Typing Tests for Indian Government Exams: A Complete Guide
India's government recruitment exams — SSC, IBPS, SBI, Railway RRB, RBI, LIC, and state Public Service Commissions — collectively conduct typing tests for millions of candidates each year. The good news: the underlying skill is the same across all of them. If you can type 35 WPM in English at 96% accuracy or 30 WPM in Hindi at the same accuracy, you're ready for any of these exams without agency-specific retraining.
The 35/30 WPM Standard
Across central government typing tests, the most common standard is 35 WPM in English or 30 WPM in Hindi, with at least 95% accuracy. SSC sits at this exact threshold for CGL Tax Assistant DEST (8,000 KDPH), SSC CHSL (LDC, JSA, PA/SA, DEO), and SSC Stenographer transcription. Banks and railways typically use 30 WPM English for clerical roles. State PSCs vary, with some requiring regional language typing (Tamil, Telugu, Marathi, Bengali, Punjabi) alongside English.
Hindi Typing: Mangal/Inscript vs Krutidev
Hindi typing exams use one of two keyboard layouts. Mangal/Inscript is the official Unicode-standard layout used by SSC, banks, RRB, and most central exams — it's also the layout that comes built-in on Windows, Mac, and Linux out of the box. Krutidev (Remington-based) is a legacy layout still used by some state PSCs and traditional typing institutes. Always check the exam notification to confirm which is required. We recommend learning Inscript first because it's the universal standard that transfers across operating systems and exams.
SSC's Role in Indian Recruitment
The Staff Selection Commission is the dominant employer for clerical and entry-level government posts in India. SSC CGL (graduates) and CHSL (12th-pass) recruit for Tax Assistant, LDC, JSA, Postal Assistant, Sorting Assistant, and DEO roles — all of which require a passing typing test. SSC Stenographer adds transcription typing on top of shorthand. For these candidates, the typing test isn't a side requirement; it's a literal pass/fail gate that can derail an otherwise successful exam attempt. Practice on our exam simulator mirrors actual SSC scoring conditions.
Banking and Railway Typing Tests
IBPS Clerk, SBI Clerk, RBI Assistant, and LIC Assistant typically require 30 WPM English with 95% accuracy on simpler interfaces than SSC. Probationary Officer (PO) recruitments usually don't include a typing test. Railway recruitment (RRB NTPC, RRB JE) tests Senior Clerk, Goods Guard, and Junior Engineer at 30 WPM English or 25 WPM Hindi. These are the most accessible thresholds among major Indian exams — clear SSC's 35 WPM and you clear all the others by margin.
State Public Service Commissions
State PSCs vary significantly. UPPSC, BPSC, RPSC, MPPSC, MPSC, TNPSC, KPSC, and others may test 25–40 WPM in English plus a regional language depending on the post and year.
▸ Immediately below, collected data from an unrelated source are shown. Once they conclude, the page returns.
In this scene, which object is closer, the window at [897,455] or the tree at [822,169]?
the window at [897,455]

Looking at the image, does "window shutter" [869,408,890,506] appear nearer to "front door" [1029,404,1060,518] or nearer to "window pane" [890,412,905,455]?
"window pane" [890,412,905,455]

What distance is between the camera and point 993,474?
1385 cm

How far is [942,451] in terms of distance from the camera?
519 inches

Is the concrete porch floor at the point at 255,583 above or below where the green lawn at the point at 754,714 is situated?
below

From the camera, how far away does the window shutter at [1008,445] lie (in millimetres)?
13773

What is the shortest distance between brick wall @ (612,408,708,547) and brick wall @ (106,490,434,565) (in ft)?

Always check the year-specific notification — state-level requirements change more frequently than central exam standards. Practice strategy is the same: build to 40 WPM English at 97% accuracy and you have margin for any state PSC post.
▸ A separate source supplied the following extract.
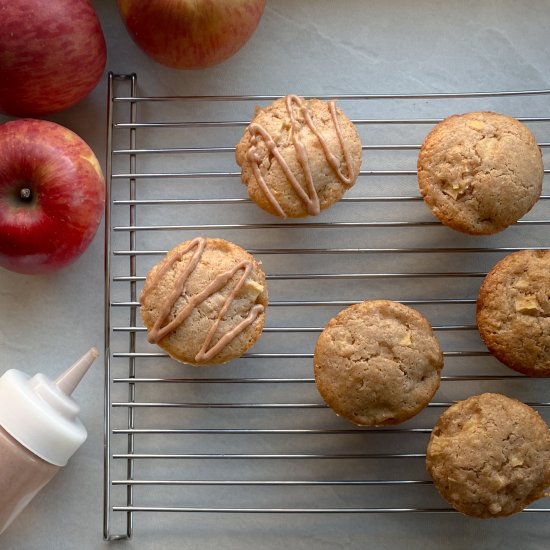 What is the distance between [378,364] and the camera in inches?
61.1

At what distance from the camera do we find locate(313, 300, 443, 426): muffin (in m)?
1.56

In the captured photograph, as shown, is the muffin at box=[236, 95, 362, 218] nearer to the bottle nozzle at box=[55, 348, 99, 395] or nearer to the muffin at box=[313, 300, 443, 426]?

A Universal 6-Week Preparation Plan
One plan works for all of these exams. Weeks 1–2: daily 10-minute sessions on our SSC umbrella practice page, focused entirely on accuracy. Weeks 3–4: add speed work on top of stable accuracy. Weeks 5–6: switch to the exam simulator for strict pass/fail scoring three days a week. Most candidates hit comfortable margins above their target threshold by the end of week six.
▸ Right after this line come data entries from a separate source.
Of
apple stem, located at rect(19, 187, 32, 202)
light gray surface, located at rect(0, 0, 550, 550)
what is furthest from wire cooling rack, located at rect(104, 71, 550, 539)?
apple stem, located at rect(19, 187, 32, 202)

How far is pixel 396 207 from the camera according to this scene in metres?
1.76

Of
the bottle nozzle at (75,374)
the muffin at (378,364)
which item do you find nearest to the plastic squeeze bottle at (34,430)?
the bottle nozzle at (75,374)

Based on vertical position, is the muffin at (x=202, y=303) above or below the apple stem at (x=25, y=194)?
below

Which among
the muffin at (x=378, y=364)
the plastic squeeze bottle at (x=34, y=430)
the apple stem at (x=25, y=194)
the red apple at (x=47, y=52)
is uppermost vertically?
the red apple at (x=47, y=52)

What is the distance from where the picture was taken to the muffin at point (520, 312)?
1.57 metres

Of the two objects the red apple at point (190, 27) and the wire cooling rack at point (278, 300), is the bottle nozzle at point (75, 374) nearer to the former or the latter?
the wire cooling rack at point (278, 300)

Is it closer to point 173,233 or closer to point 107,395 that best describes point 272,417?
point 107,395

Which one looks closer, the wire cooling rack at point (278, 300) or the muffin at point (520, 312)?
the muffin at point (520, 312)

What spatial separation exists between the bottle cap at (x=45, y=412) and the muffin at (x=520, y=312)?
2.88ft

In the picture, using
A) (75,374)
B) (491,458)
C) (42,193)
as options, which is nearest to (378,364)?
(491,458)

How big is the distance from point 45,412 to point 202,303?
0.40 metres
Multi-Language Typing for Regional Roles
For posts that require regional Indian language typing (Tamil, Telugu, Marathi, Bengali, Punjabi, Gujarati, Kannada, Malayalam, Oriya), check the exam-specific notification for the required keyboard layout — typically Inscript variants for each script. We're actively expanding multi-language test pages on this site; for now, Hindi and English are fully supported, and the Hindi typing page covers Devanagari for most Hindi-belt state exams.